Lift out, unaltered, the lines of the material below between the line holding "Silent Winter Chapel, Framed" and the line holding "Bysketbyll Throw Christmas", counting both.

*DATA FOR ANALYSIS*.
****************

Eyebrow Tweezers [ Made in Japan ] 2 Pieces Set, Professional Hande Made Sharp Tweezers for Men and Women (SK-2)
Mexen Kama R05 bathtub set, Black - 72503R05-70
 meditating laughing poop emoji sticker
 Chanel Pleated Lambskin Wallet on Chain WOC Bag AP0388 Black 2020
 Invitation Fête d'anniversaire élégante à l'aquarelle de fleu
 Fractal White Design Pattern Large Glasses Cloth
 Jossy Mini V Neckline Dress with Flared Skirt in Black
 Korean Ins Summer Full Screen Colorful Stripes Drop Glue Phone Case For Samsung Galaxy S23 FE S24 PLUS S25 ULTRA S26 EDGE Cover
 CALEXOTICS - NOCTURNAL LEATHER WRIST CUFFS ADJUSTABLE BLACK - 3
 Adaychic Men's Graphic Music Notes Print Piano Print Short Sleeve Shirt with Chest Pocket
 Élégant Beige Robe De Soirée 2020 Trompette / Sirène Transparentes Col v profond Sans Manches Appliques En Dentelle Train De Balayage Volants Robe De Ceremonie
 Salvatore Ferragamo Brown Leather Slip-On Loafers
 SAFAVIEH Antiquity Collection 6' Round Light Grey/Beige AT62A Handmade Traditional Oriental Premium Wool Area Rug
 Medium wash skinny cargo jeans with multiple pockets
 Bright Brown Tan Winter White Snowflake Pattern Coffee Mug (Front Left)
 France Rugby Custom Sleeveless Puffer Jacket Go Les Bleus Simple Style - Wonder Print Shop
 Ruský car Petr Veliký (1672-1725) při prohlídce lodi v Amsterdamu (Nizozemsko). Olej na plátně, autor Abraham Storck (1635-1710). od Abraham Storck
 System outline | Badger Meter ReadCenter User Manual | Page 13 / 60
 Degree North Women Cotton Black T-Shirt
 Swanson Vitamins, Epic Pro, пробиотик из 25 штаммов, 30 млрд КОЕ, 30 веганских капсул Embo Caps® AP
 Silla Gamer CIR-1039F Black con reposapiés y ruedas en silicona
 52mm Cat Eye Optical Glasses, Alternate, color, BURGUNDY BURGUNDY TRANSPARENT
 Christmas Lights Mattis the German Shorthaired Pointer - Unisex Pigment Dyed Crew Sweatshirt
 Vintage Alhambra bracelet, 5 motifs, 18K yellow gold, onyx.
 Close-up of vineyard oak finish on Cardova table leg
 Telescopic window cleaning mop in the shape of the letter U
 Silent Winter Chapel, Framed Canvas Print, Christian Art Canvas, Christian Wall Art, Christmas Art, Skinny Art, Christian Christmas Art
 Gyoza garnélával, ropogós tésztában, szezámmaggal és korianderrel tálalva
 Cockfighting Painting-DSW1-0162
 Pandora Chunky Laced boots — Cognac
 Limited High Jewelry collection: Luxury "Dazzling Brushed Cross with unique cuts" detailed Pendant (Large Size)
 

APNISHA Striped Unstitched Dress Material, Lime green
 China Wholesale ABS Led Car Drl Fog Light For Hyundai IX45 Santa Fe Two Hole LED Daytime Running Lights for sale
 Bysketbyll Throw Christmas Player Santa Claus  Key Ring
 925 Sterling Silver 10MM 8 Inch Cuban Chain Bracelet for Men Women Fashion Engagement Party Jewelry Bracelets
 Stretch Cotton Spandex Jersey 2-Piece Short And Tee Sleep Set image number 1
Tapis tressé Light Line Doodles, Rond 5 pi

****************

*TASK OUTPUT*.
 Silent Winter Chapel, Framed Canvas Print, Christian Art Canvas, Christian Wall Art, Christmas Art, Skinny Art, Christian Christmas Art
 Gyoza garnélával, ropogós tésztában, szezámmaggal és korianderrel tálalva
 Cockfighting Painting-DSW1-0162
 Pandora Chunky Laced boots — Cognac
 Limited High Jewelry collection: Luxury "Dazzling Brushed Cross with unique cuts" detailed Pendant (Large Size)
 

APNISHA Striped Unstitched Dress Material, Lime green
 China Wholesale ABS Led Car Drl Fog Light For Hyundai IX45 Santa Fe Two Hole LED Daytime Running Lights for sale
 Bysketbyll Throw Christmas Player Santa Claus  Key Ring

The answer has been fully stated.